INPUT RECORDS.
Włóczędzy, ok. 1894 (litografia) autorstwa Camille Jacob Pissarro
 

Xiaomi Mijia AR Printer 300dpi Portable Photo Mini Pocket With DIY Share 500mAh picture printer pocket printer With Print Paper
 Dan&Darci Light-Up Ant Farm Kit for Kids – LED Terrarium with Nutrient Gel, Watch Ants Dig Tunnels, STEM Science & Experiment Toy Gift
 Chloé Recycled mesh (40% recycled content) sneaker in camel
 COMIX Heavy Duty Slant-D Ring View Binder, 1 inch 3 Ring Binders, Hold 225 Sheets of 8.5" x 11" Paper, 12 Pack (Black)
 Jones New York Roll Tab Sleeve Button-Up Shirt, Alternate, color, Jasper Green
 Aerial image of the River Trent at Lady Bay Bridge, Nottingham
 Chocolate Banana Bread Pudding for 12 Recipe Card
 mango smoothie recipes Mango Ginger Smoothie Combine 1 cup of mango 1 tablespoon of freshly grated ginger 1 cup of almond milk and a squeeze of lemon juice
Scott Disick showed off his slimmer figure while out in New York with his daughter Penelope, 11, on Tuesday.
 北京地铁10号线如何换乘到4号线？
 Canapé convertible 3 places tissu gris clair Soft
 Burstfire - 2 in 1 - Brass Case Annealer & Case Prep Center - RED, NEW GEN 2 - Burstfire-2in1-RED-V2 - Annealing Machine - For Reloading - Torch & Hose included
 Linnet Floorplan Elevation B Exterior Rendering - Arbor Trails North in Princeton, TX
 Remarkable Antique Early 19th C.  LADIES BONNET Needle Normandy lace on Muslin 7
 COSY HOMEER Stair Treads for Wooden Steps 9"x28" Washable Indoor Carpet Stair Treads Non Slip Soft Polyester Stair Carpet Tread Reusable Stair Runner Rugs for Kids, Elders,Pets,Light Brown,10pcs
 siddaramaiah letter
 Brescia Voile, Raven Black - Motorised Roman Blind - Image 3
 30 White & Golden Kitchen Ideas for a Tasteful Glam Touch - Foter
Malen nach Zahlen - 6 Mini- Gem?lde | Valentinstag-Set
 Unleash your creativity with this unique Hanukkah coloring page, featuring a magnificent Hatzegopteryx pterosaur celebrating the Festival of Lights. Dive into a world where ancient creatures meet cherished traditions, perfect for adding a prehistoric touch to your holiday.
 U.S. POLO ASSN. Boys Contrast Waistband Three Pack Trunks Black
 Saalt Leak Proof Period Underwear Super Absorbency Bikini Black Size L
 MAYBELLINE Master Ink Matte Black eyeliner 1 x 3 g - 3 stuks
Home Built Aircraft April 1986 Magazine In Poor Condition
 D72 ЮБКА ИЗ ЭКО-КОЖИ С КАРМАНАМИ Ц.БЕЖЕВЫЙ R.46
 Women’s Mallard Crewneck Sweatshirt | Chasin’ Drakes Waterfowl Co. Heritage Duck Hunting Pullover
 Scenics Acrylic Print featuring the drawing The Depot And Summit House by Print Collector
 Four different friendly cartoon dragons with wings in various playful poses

EXERCISE. Repeat precisely the lines of the data starting at the one containing "Malen nach Zahlen", last line included.

OUTPUT OF THE TASK.
Malen nach Zahlen - 6 Mini- Gem?lde | Valentinstag-Set
 Unleash your creativity with this unique Hanukkah coloring page, featuring a magnificent Hatzegopteryx pterosaur celebrating the Festival of Lights. Dive into a world where ancient creatures meet cherished traditions, perfect for adding a prehistoric touch to your holiday.
 U.S. POLO ASSN. Boys Contrast Waistband Three Pack Trunks Black
 Saalt Leak Proof Period Underwear Super Absorbency Bikini Black Size L
 MAYBELLINE Master Ink Matte Black eyeliner 1 x 3 g - 3 stuks
Home Built Aircraft April 1986 Magazine In Poor Condition
 D72 ЮБКА ИЗ ЭКО-КОЖИ С КАРМАНАМИ Ц.БЕЖЕВЫЙ R.46
 Women’s Mallard Crewneck Sweatshirt | Chasin’ Drakes Waterfowl Co. Heritage Duck Hunting Pullover
 Scenics Acrylic Print featuring the drawing The Depot And Summit House by Print Collector
 Four different friendly cartoon dragons with wings in various playful poses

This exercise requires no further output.